# Need help choosing a new sub amp



## tc3k101 (Mar 13, 2008)

well after reading my Dayton HPSA1000-R 1000W amp does around 1/2 of rated power i really want to up my power. my buddy told me about a behringer ep2200? as for a budget id like it to be generally cheap. i want real world power too, im going to be posting my dayton up for sale so hopefully it will sell. i wont be buying anything yet till it sells so im just keeping my options open. right now i have around $300 hopefully the dayton amp sells and ups my budget to around 500.

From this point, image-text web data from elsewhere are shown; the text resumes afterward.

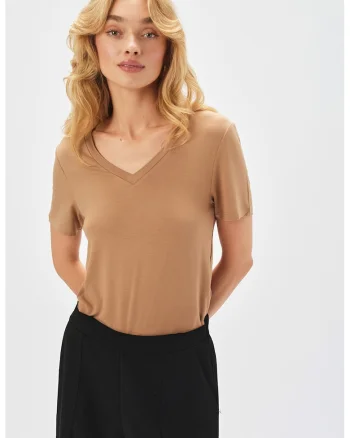 Tricou cu decolteu in V, Maro nisip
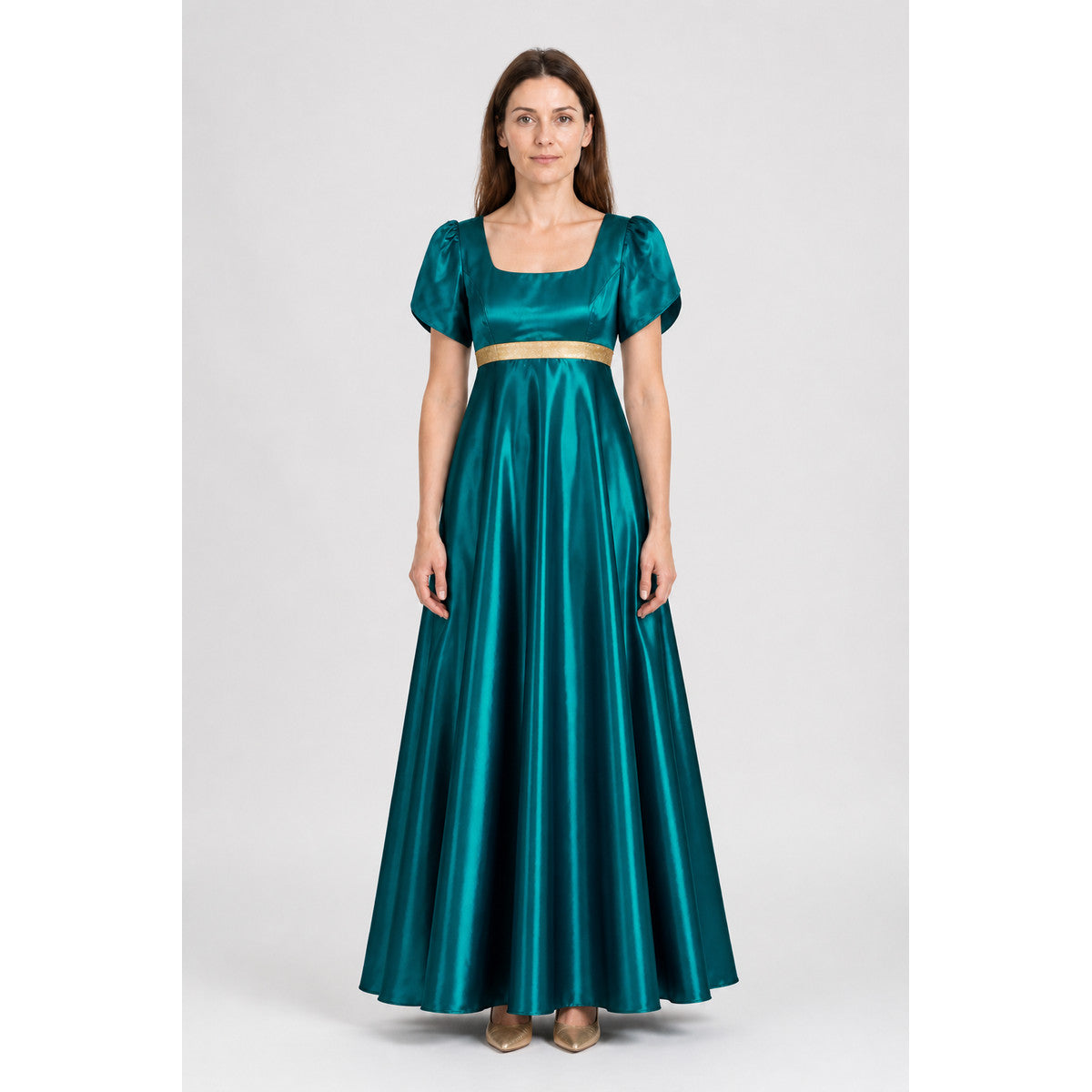 Blue Dress with a Square Neckline and Empire Waist main product view
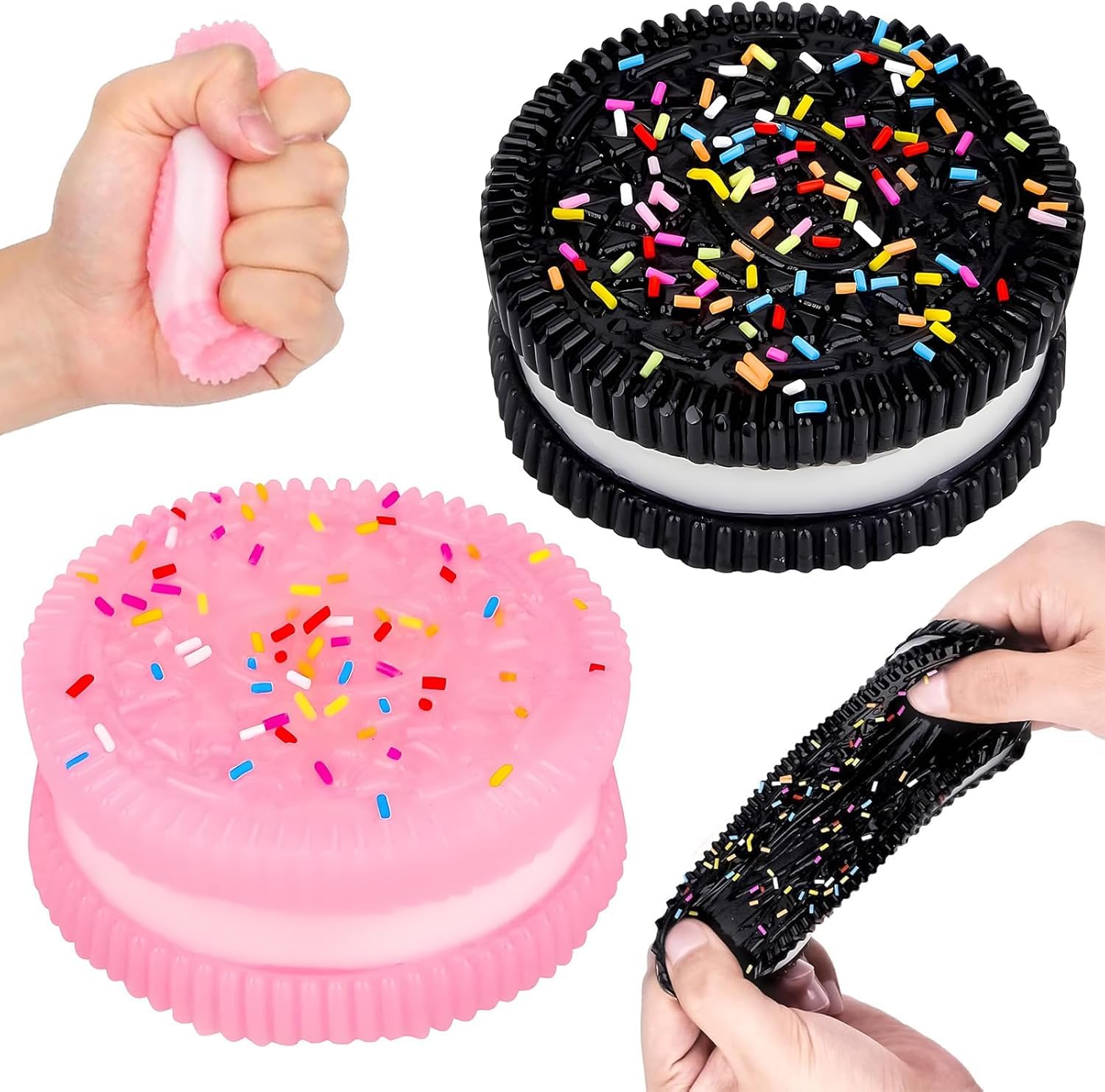2 Pcs Squishy Toy, Stress Relief Toys Adults&Kids, Kawaii Fufu Squishy Fidget Toys, Stress Squishy Ball, Mochi Squishy Anxiety Relief Toys for Party Favors
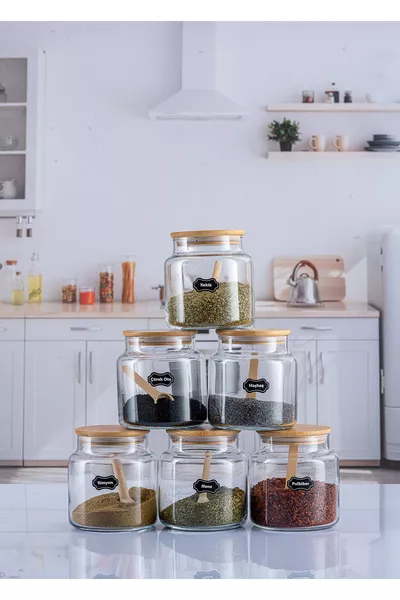 6-teiliges Bambus-Gewürzset,  Teile,  ml, mit Löffel und Etikett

it will be powering a tc 3000 neo in 4.3ft^[email protected] thanks in advance. im a noob to all this so bare with me


----------



## E-A-G-L-E-S (Sep 15, 2007)

Behringer EP2500 would be a good choice.
Do a msn live cashback search and get 5%-30% off from an online store that is a participant in the MSN Live C.B. and carries the amp. Less than $300 then.


----------



## Mike P. (Apr 6, 2007)

That would be the EP2500. A very popular amp for sub duty. It can be had for $300 if you search around.


----------



## tc3k101 (Mar 13, 2008)

thanks anything else that would fit my budget? sub is d2 btw


----------



## tc3k101 (Mar 13, 2008)

also is it rated correctly?


----------



## Ricci (May 23, 2007)

The EP2500 will put out a real 1700W into 4 ohm bridged. That's about as good as your going to get without stepping up to a bigger more expensive amp and also possibly upgrading your AC line.


----------



## tcarcio (Jun 27, 2007)

I have the EP2500 and I am soo glad I got it. It is the best for the money so take everyones advice and you will be happy.:yay:


----------



## tc3k101 (Mar 13, 2008)

tcarcio said:


> I have the EP2500 and I am soo glad I got it. It is the best for the money so take everyones advice and you will be happy.:yay:


yeah im going to get it just idk when


----------



## Jaybo (Mar 2, 2009)

where have you read the Dayton not producing the power it claims?


----------



## Jerm357 (May 23, 2006)

Jaybo said:


> where have you read the Dayton not producing the power it claims?


Im guessing here....
http://www.avsforum.com/avs-vb/showthread.php?p=13714349#post13714349


----------



## mdrake (Jan 31, 2008)

I tried a few different amps and decided on the Crown XLS. Here is the thread chronicling my amp search. 

Matt


----------



## adio (May 27, 2009)

the ep2500 doesn't have a subsonic or highpass filter, right? what would one need in addition to the amp itself? i read that a ED eq.2 works and maybe a few other things. help?


----------



## adio (May 27, 2009)

still lookin for an answer almost 2 years later..........


----------



## Theresa (Aug 23, 2010)

Just got the Behringer EP4000 and using it to drive two subs. As far as I've heard its RMS power is what they advertise it as. Peak power I think is exaggerated. I had to swap the fan out for a quieter one and it still runs just barely warm to the touch. I am using it with the balanced miniDSP and all is hooked up to my UMC-1's balanced sub out. I'm very pleased despite some problems with the miniDSP's software's meters not working which I expect they will fix.


----------